Confidence is a fickle friend. That’s why athletes keep preparation so narrow, following the process, the small picture. When the processes are unravelling your belief evaporates.

That’s when you’re in real trouble. Ireland are not there yet. Fear can hold you prisoner. Hope can set you free.

I know all about crises of confidence. I was cut from the ’03 World Cup squad at the 11th hour in some part due to deserved criticism from senior players. I had a handful of training sessions and warm-ups to change Eddie O’Sullivan’s mind but hearing the whispers, and instead of using such warnings as motivation, I let them consume my thoughts to such an extent that I became obsessed with not dropping the ball. When you reach that moment in your own head the chances of skinning your opposite man significantly decrease. You also tend to spill the pill.

Back to Leinster I went, tail between legs, but the change of scenery proved ideal. Something special happened in this safe environment; I was given the keys to the kingdom at fullback. We went on an eight-game winning run, I stopped thinking and started scoring tries. Then, a few months into the season, Ella saw wood through all the trees by suggesting I run at outside centre.

In a six-month stretch you can go from discarded provincial winger with a bad attitude – trapped in the Shawshank of your mind – to Six Nations player of the tournament cutting through midfields from Paris to Twickenham.

Everyone needs a little luck in order to shine.

Losing to England this month, in the manner it happened at the Aviva stadium, sucked the confidence out of Ireland. They have yet to recover. Remember these guys live from contract to contract. Some of them are playing for their very careers. When the collective stumbles it means several individuals are struggling, badly.

It’s very hard to turn it around inside the tournament. Maybe Ireland needed this to happen now. We hope so. Maybe they need to bin the 2019 Six Nations.
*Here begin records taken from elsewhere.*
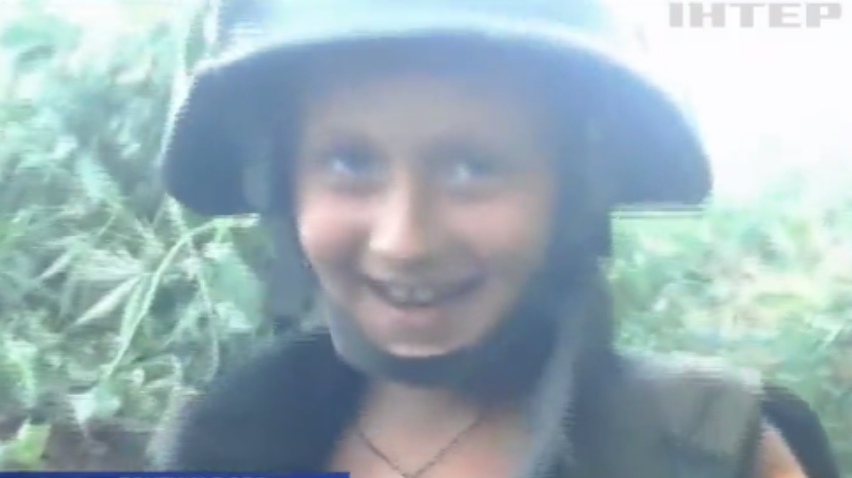На Донбассе боевики учат детей метать гранаты (видео)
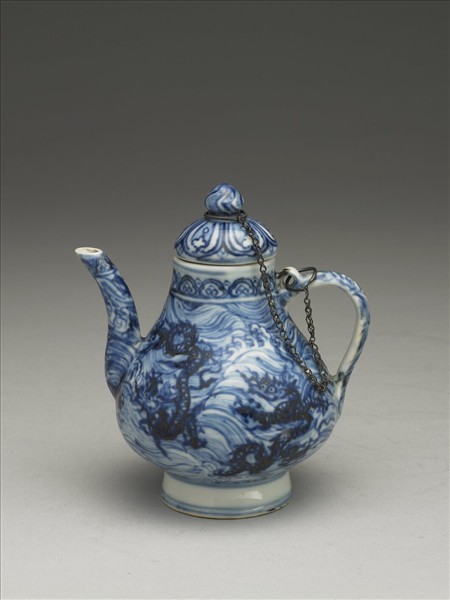 青花龍紋小執壺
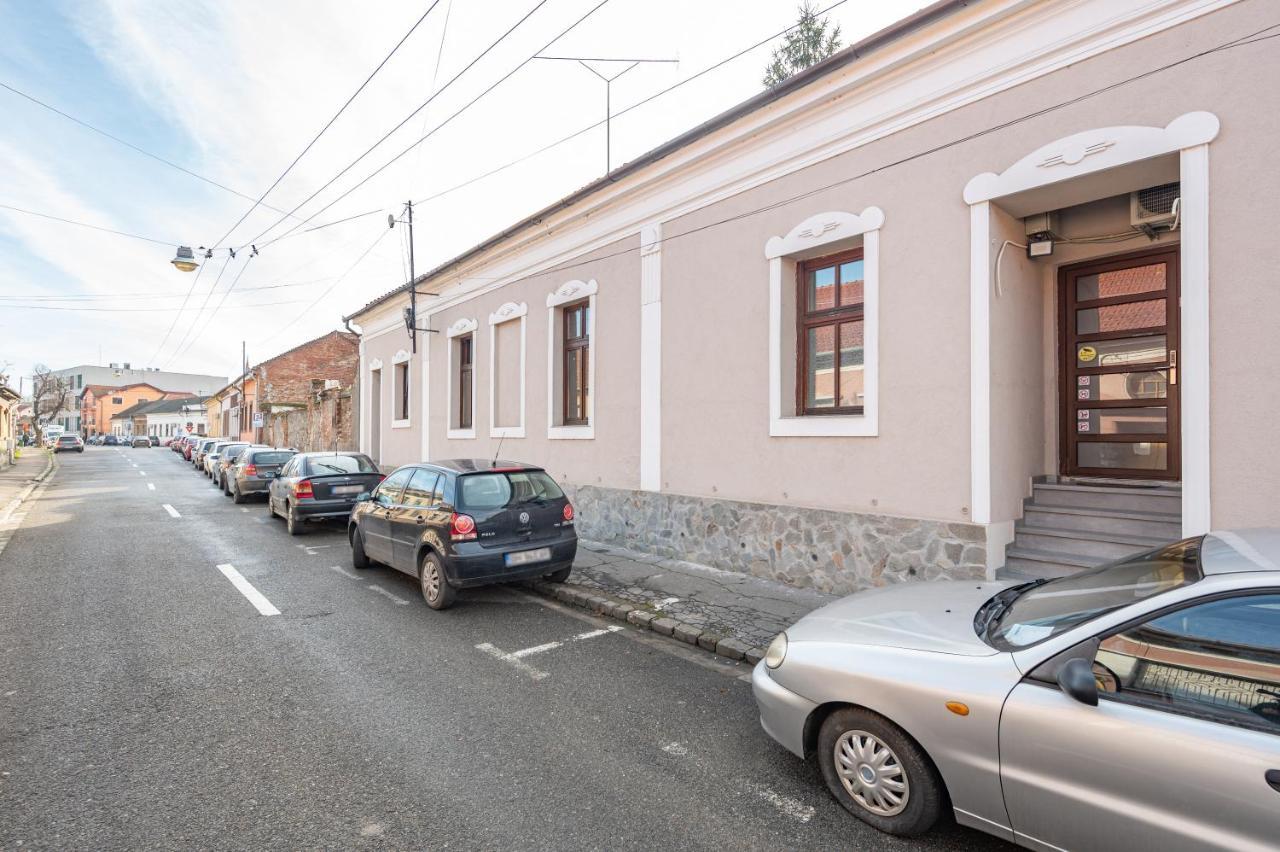 Appartement House Flat à Oradea Extérieur photo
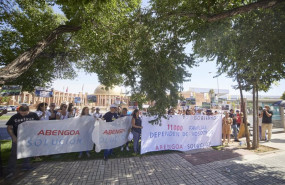 ep concentracion de trabajadores de abengoa a las puertas de fibes durante la reunion de la junta de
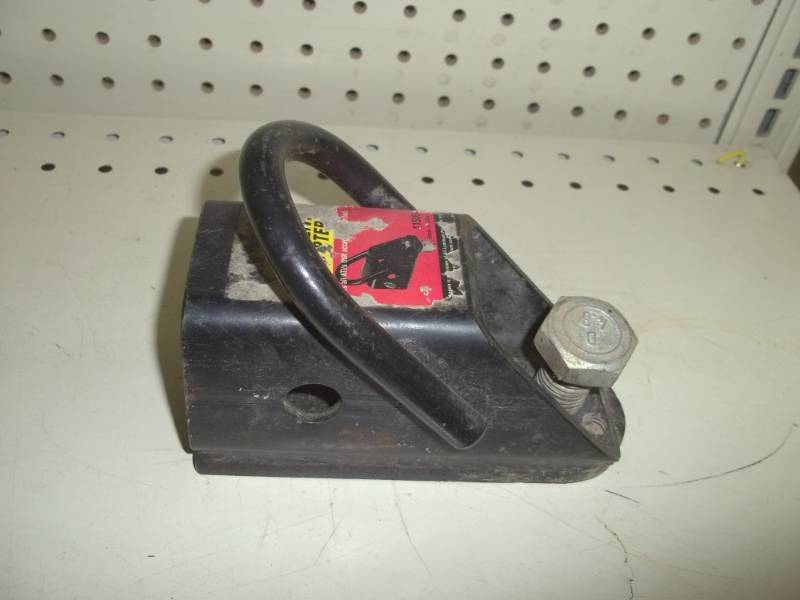 lot 3 image: ATV 2 receiver adapter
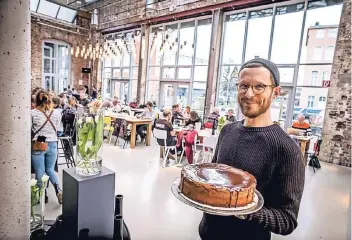  ?? RP-FOTO: ANDREAS ENDERMANN ?? Johannes Nooij verführt die Gäste mit Schokolade­nkuchen und andere Köstlichke­iten.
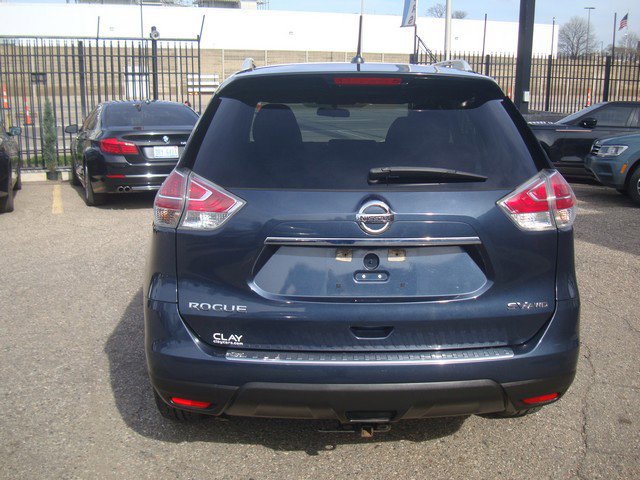 Used 2015 Nissan Rogue SV image 4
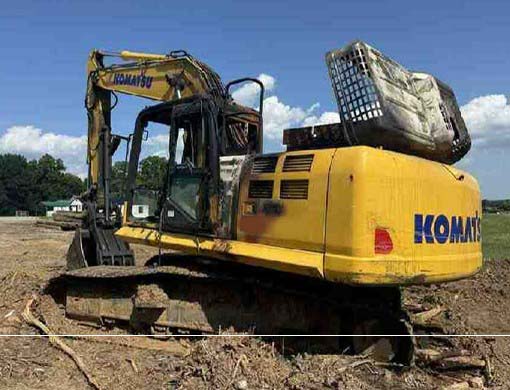2023 Komatsu PC210LC-11 Excavator - Image 3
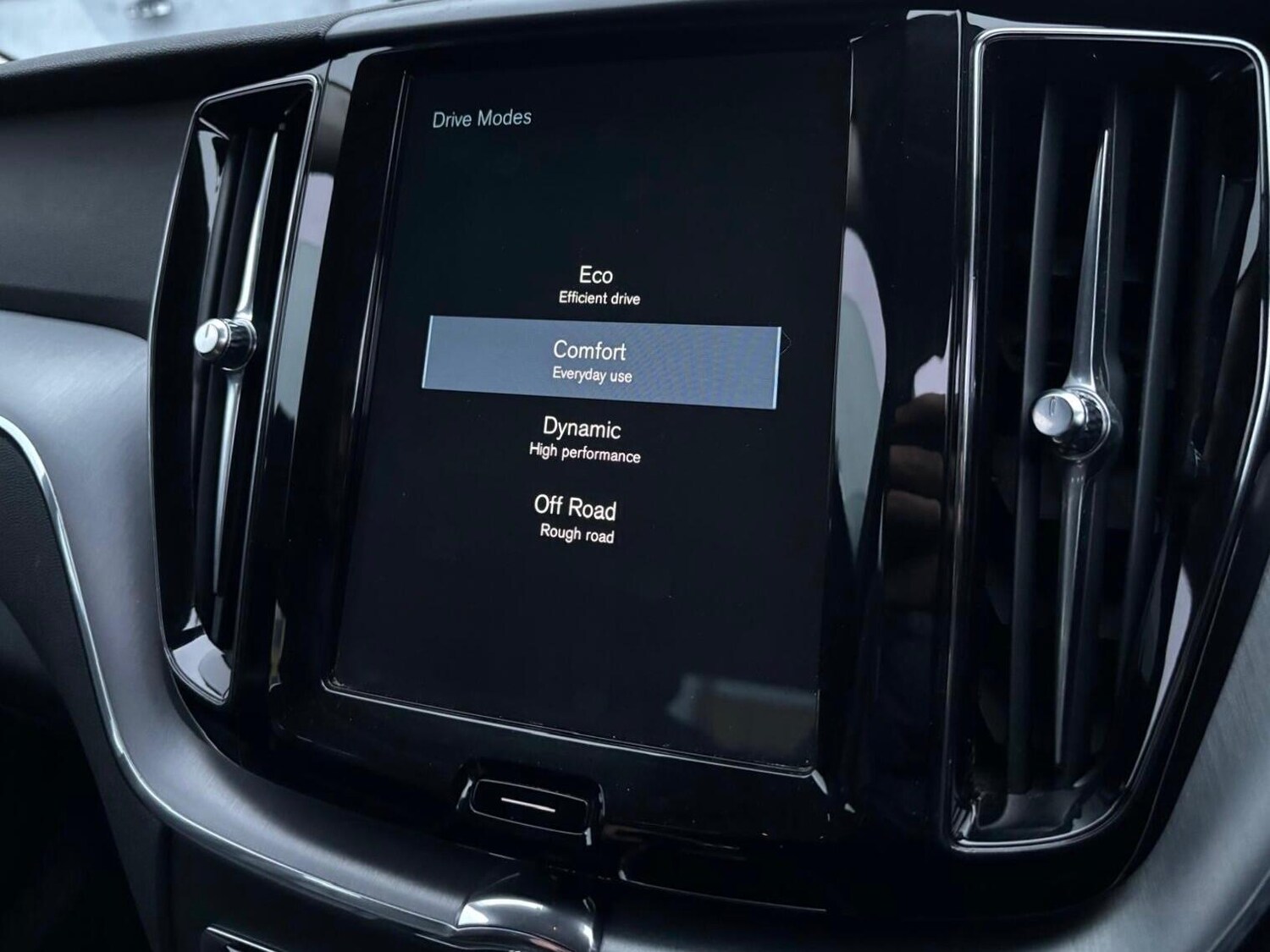 Used Volvo XC60 for sale - 77705325: Photo 18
Ideally not. Ideally, the French will bring out a resilience we know they possess.

It comes back to Schmidt and Farrell. I expect their direction will put Ireland back on track. Consider both men’s experiences since 2015.

It will be collaborative with mildly disillusioned players needing to feed off the coach’s direction.

I’m not sure it’s possible for the squad to go drinking together anymore – like our Killiney Castle nights – so it could be something as simple as not training. A change of scene like this week’s trip to Belfast might do the trick.

The coaches will take the pulse of the group.

Cheika was great at that.

“We sat and drank with the sun on our shoulders and felt like free men,” said Red (Morgan Freeman). “Hell, we could have been tarring the roof of one of our own houses. We were the Lords of all creation.”

Actually, Cheika wasn’t Hadley, he was Andy “hunkered in the shade, a strange little smile on his face, watching us drink his beer,” forcing men to talk to each other about matters other than who did what wrong, where and when?

Maybe he did it so we’d feel normal again. If only for a short while.